Jonas war nett. Ich wusste damals schon, dass der Typ nicht auf mich stand. Mit der Zeit redete ich mir ein, dass Jonas mich mochte. Nur weil Dana immer hinter mir stand. Ich wollte nur mit ihn befreundet sein, mehr nicht. Etwas störte mich an seiner Art. War er arrogant. Später als ich ein Foto von ihn und seiner Frau sah, stellte ich eine Ähnlichkeit mit mir fest. Haarfarbe und Haarlänge waren wie meine. Hat der Typ doch auf mich gestanden? Warum hat er auf den Brief nie was gesagt? Meine Kinder rufen, dass sie wieder zuhause sind. Also gehe ich runter und nehme mein Tagebuch mit. Vielleicht verstehe ich dann alles, was in den Jahren passiert ist. Es sind einfach zu viele Dinge in der Zeit geschehen, die mir immer wieder zu denken geben. Ich musste nicht wie die anderen, immer einen Typen nach den anderen haben, war nichts für mich. Es musste einfach passen. Es gab Freunde, die sich an jeden Typ Interesse bekundeten. Eine Freundin hatte sich sogar mit ihren Macker gestritten und ich sollte sie abholen. Ich hatte kein Auto, weil ich es mit meinem Vater geteilt hatte. Freunde von mir wollten zu mir kommen und wir wollten was unternehmen. Ich kann doch meine Freunde nicht fragen, die meine Freundin nicht kannten, dass sie meine Freundin bei ihren Macker abholen. Ich bin immer der Meinung, man fährt immer selber. Damit, wenn es Streit gibt, die Biege machen kann. Jedenfalls hatten sie sich versöhnt und in der Nacht wurde meine Freundin schwanger. Die Vorwürfe, ich wäre schuld daran, wollte ich mir nicht geben. Sie hätte ja mit ihrem Freund nicht ins Bett hüpfen müssen. Einige Jahre später hat ihr Mann meinen Mann sie angeboten. Der Typ wollte frei sein. Verstehen tue ich es schon. Jung Vater zu werden, hat ihn dazu gebracht. Zum Glück stand mein Mann nicht auf sie. Jedenfalls erzählte er mir eines Tages mal, dass sein Freund ihn gefragt hat, ob er sie nicht als Freundin haben möchte. Sind wir auf einen Basar? Tauschgeschäfte oder was? Mein Mann sagte, er wollte sie nicht. Zum Glück. Ich bin jetzt unten und schließe meine Kinder in die Umarmung.

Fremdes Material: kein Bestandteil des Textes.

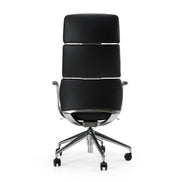 Clyne - Modern Black Vegan Leather Executive Office Chair - image 3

„Schön, dass ihr wieder da seid. Ich habe euch vermisst.“
Kurze Zeit später betritt mein Mann Marvin das Haus. Er beugt zu mir und mein küsst mich. Schön, dass es meine Familie gibt. Vielleicht musste ich das alles durch machen, damit ich meinen Seelenverwandten finden konnte.